I'm sure there are cases where professional calibration would be worth it. But these guys are saying EVERY tv is inaccurate and needs calibration. Which just is not true from top tv's from pioneer-sony-samsung-panasonic. Sure, it depends on the model.. But not EVERY. A few more reviews.
"As I said earlier, the overall color accuracy of the HL61A750 is exceptional, provided you set it up properly. Grayscale tracking in the Warm 2 color temperature setting is close to the broadcast standard. Primary and secondary color points are quite close to the HDTV specification, and the color decoding is spot on. All of these things combine to give the Samsung the ability to deliver incredibly accurate color, and this is extremely impressive with high-resolution HD sources, like Blu-ray."
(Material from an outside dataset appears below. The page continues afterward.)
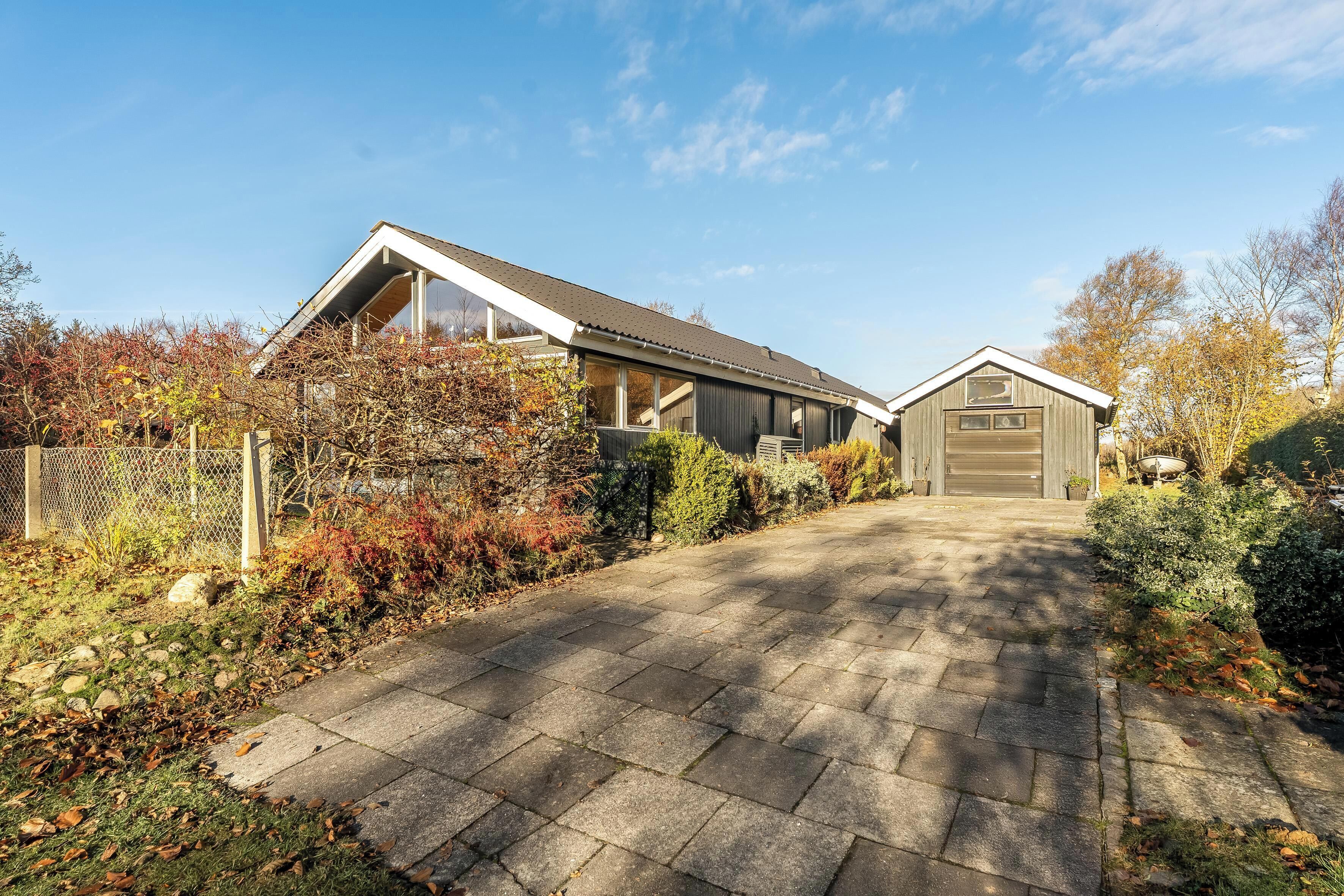 Een huis met twee verdiepingen en een geplaveid opritje dat naar een garage leidt.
"Overall performance on the Sony KD-S55A3000 was excellent, and its standout characteristic compared with other HDTVs is color accuracy. When the Sony is set to Standard color space, the primary colors of red, green, and blue are nearly dead-on accurate to the ATSC specifications. The color decoding is accurate for both SD and HD sources, and the grayscale from the Warm 2 factory preset came mighty close to the broadcast standard. A quick tweak in the advanced menu under white balance made the grayscale nearly perfect. For our full user-menu settings, click here or scroll down to the Tips section below."
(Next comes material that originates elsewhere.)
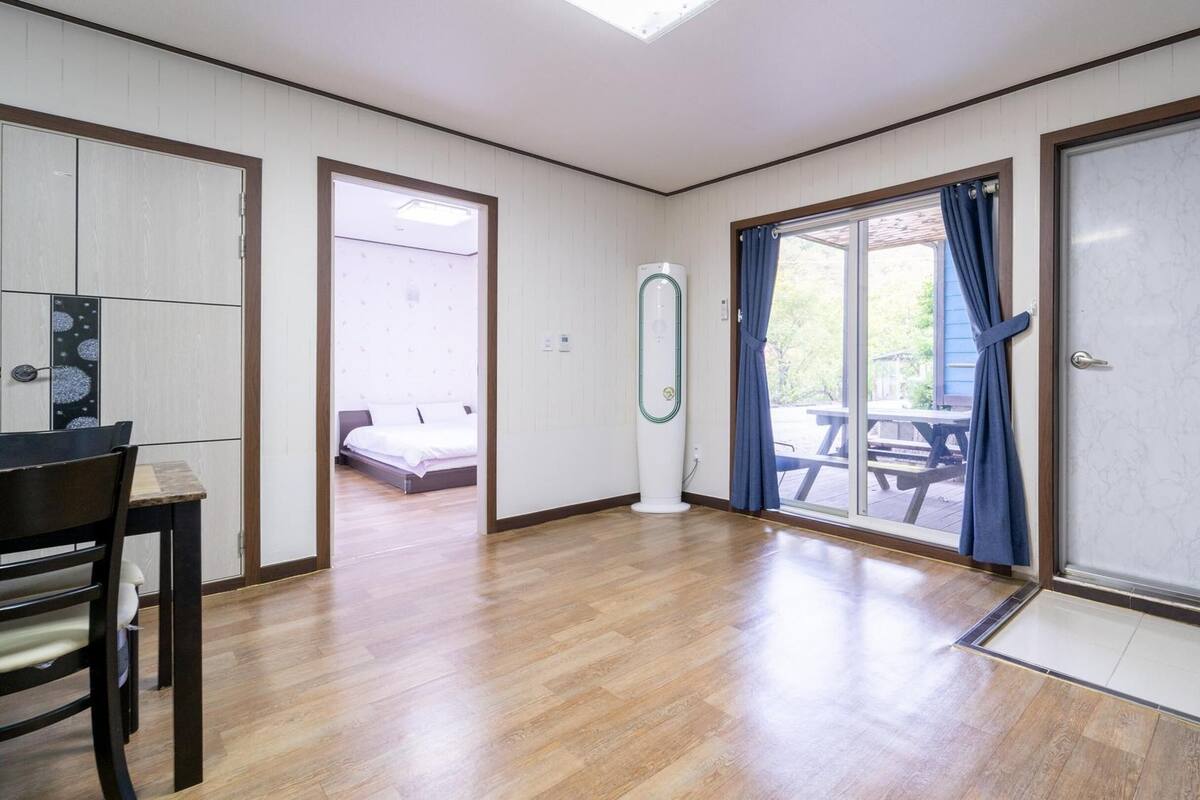 Una habitación amplia con piso de madera, una cama, un escritorio y un gran ventanal corredero que da a un espacio exterior con una mesa de picnic.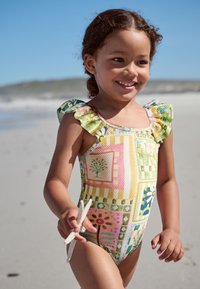 Badeanzug mit farbenfrohem Patchwork-Design, versehen mit Rüschenärmeln, texturiertem Stoff sowie Blumen- und geometrischen Mustern. Kind hält Muscheln.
"We typically go on and on about calibration but with the TH-50PZ800U we didn't have to do much beyond increasing its contrast control a bit to approach our 40 footlambert baseline light output. Compared with other picture modes and to the company's own TH-46PZ85U, THX on the PZ800U delivered superior color temperature and especially primary color accuracy, and despite the fact that THX mode didn't pass blacker-than-black parts of the video signal (while the Custom mode did), we left brightness alone for optimal performance"
"Panasonic makes a big deal about the Digital Cinema Color on the 850U series, and color is the most noticeable difference between its picture and that of the 800U. The primary and secondary color points of the 800U hew very closely to the HDTV standard, and so its color is technically very accurate, while the color points of the 850U are not. Like many displays, its color gamut is wider than the HD standard, so the red blood in the centrifuge, for example, looks even redder and deeper on the 850U than on the 800U. Greens, such as the forest and shrubs that are visible when the janitorial crew is motored into the compound, looked both greener and seemingly a bit yellower to our eyes on the 850U. We switched off the Digital Cinema Color mode and the two displays came closer to one another, but there was still a pretty noticeable difference. Our measurements for the Geek Box below were taken with the more-accurate (again, compared to the HD standard) Off position for that mode.
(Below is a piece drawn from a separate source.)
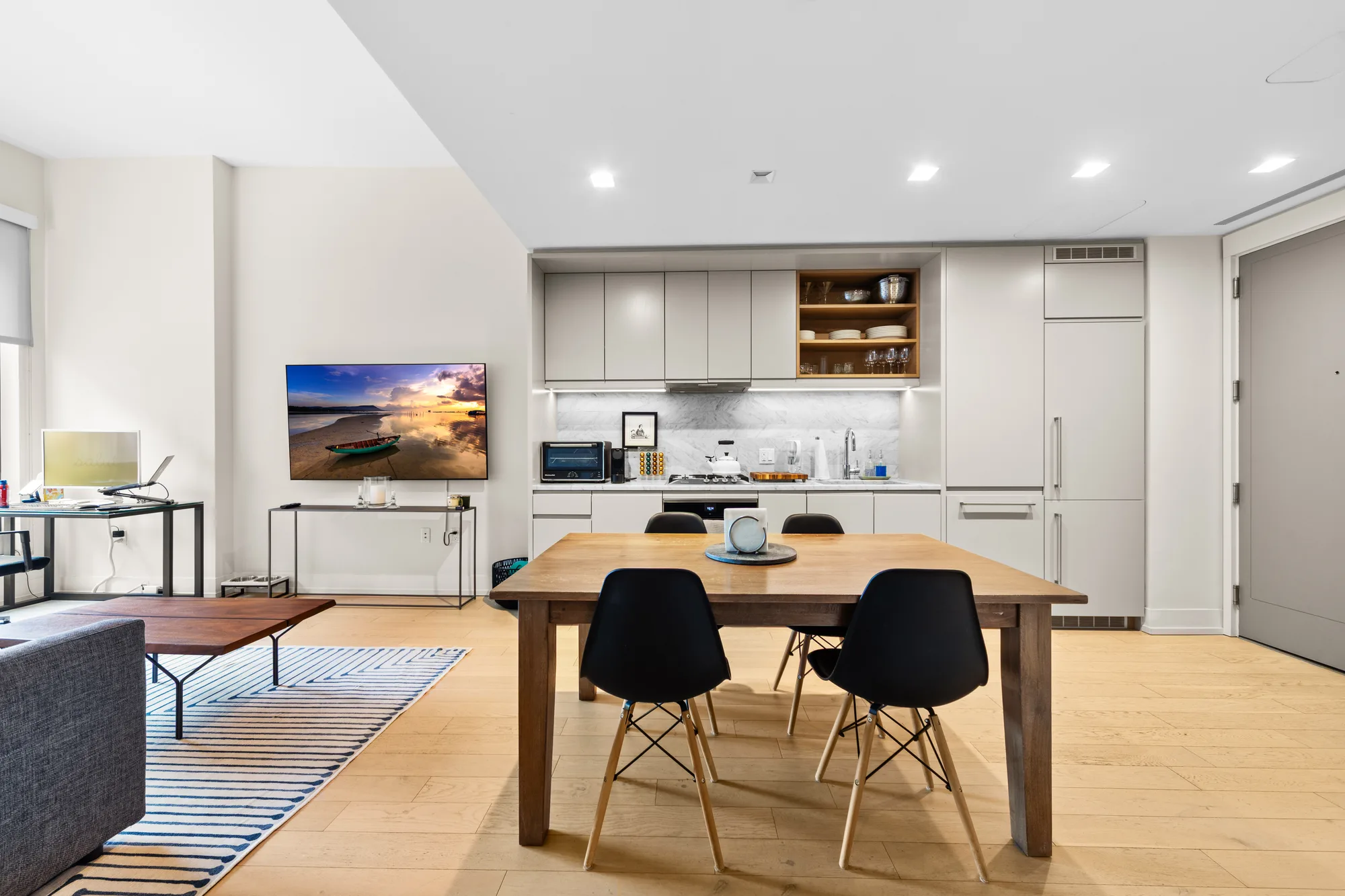 Open-plan living and dining room in a New York City condo listing, HDR real estate photography by OpenDoors360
An argument can be made that the wider color gamut on the 850 looks better, but that's largely subjective. Our goal, as always, is to evaluate color accuracy, in this case compared with the HD standard, and by that definition the 800U, along with the two Samsung displays in our comparison, were a good deal more accurate than the 850U.
Other areas of the Panasonic's color performance were very good. The 850's relatively linear grayscale was apparent in skin tones, such as Irene's face at the beach house, appeared natural if a tiny bit redder than the reference 800U. Color decoding wasn't at fault--it was basically right on; instead it was the very slightly reddish grayscale in mid-dark areas. Colors near black stayed quite accurate otherwise, however."
"The Samsung LN52A650 is one of the best-performing LCDs we've tested. Its picture quality, anchored by excellent black-level performance, and accurate color, surpasses that of the Sony KDL-46XBR4--and Samsung's de-judder video processing has improved to the point where it's basically equal to the Sony. We did notice a couple of minor issues, and as usual we'd avoid watching dark movies on this glossy-screened TV in rooms with lots of ambient light, but that's about it.
Our standard calibration was aided by the numerous picture controls in the Samsung's user menu. We were able to improve color temperature and dial in saturation without going overboard thanks to the blue-only mode (check this tip to see how it works). Although we attempted to tweak the color points a bit using the custom color palette controls, primary and secondary colors were already close enough to the standard that we simply settled on the default Auto in the end."